Although migraine is quite common in children - around 3% - 5% of school-age children experience periodic attacks - there has been little research into appropriate treatments. Intermittent use of analgesics is the mainstay of treatment for acute attacks and ibuprofen, at a prescribed dose of 10 mg/kg, has been shown to be more effective than paracetamol in aborting attacks13.
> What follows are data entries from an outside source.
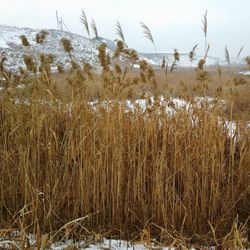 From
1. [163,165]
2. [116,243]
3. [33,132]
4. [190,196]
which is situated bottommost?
[116,243]

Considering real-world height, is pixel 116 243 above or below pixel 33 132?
below

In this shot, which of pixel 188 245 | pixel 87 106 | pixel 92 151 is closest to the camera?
pixel 188 245

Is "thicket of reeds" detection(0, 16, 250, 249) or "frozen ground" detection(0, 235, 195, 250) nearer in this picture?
"frozen ground" detection(0, 235, 195, 250)

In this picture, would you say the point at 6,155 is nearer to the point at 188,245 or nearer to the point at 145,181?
the point at 145,181

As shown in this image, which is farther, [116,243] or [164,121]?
[164,121]

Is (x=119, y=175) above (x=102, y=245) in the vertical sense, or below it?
above

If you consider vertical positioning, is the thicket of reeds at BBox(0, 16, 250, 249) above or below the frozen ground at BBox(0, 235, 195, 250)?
above

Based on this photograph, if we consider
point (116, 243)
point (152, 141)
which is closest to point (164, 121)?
point (152, 141)

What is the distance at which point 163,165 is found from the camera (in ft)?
8.42

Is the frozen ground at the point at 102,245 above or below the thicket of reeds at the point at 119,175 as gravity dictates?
below

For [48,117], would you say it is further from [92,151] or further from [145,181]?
[145,181]

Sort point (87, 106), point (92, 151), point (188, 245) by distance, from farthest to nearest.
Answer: point (87, 106) < point (92, 151) < point (188, 245)

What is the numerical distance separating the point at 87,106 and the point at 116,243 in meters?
0.96

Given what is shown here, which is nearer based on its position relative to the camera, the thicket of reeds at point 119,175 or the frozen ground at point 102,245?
the frozen ground at point 102,245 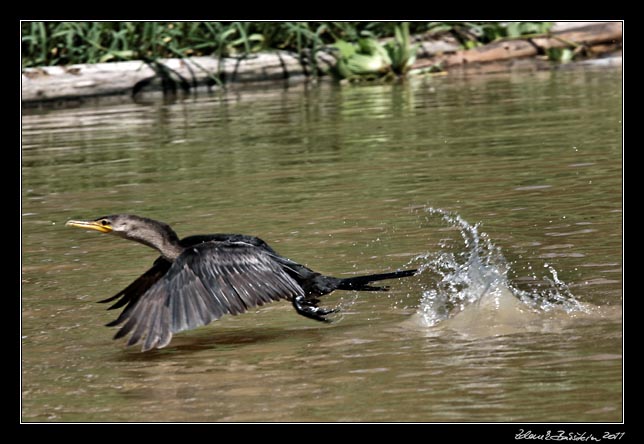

A double-blind placebo-controlled study has evaluated ibuprofen in the treatment of migraine at the lower dose in which OTC ibuprofen is normally taken (7.5mg/kg)14. In 84 children aged 6 - 12, the response rate (% children in whom moderate/severe headache was reduced to mild or no pain at 2 hours) was significantly higher with ibuprofen (76% vs. 53%) and significantly more children were pain-free (44% vs. 25%). Ibuprofen also increased the proportion of children with no nausea (60% vs. 40%). Only one of 45 children taking ibuprofen needed rescue analgesia compared with 15 of 39 given placebo. Among girls, the placebo response rate was comparable with that associated with ibuprofen (67% vs. 65%) but the response to ibuprofen was much greater among boys (84% vs. 43%) and headache recurrence less frequent (0 vs. 8 with placebo compared with 5 cases each with ibuprofen and placebo among girls). The authors were unable to account for this finding: although a sex-related difference in migraine pathogenesis cannot be excluded, the small size of the study is the most likely explanation.

Ibuprofen has been shown to be as effective as the 5-HT1 agonist zolmitriptan 2.5 mg in a new placebo-controlled crossover study in 32 children aged 7 - 1715. The dose of ibuprofen was 200 mg in the under-12s and 400 mg in older children. The 2-hour response rate (defined as above) was 78% with ibuprofen, 69% with zolmitriptan and 32% with placebo. Half of children were pain-free at 2 hours after taking ibuprofen or zolmitriptan (8% with placebo) and pain-free without recurrence in 24 hours in 41%, 39% and 8% respectively. There were no significant differences between ibuprofen and zolmitriptan and they were equally well tolerated.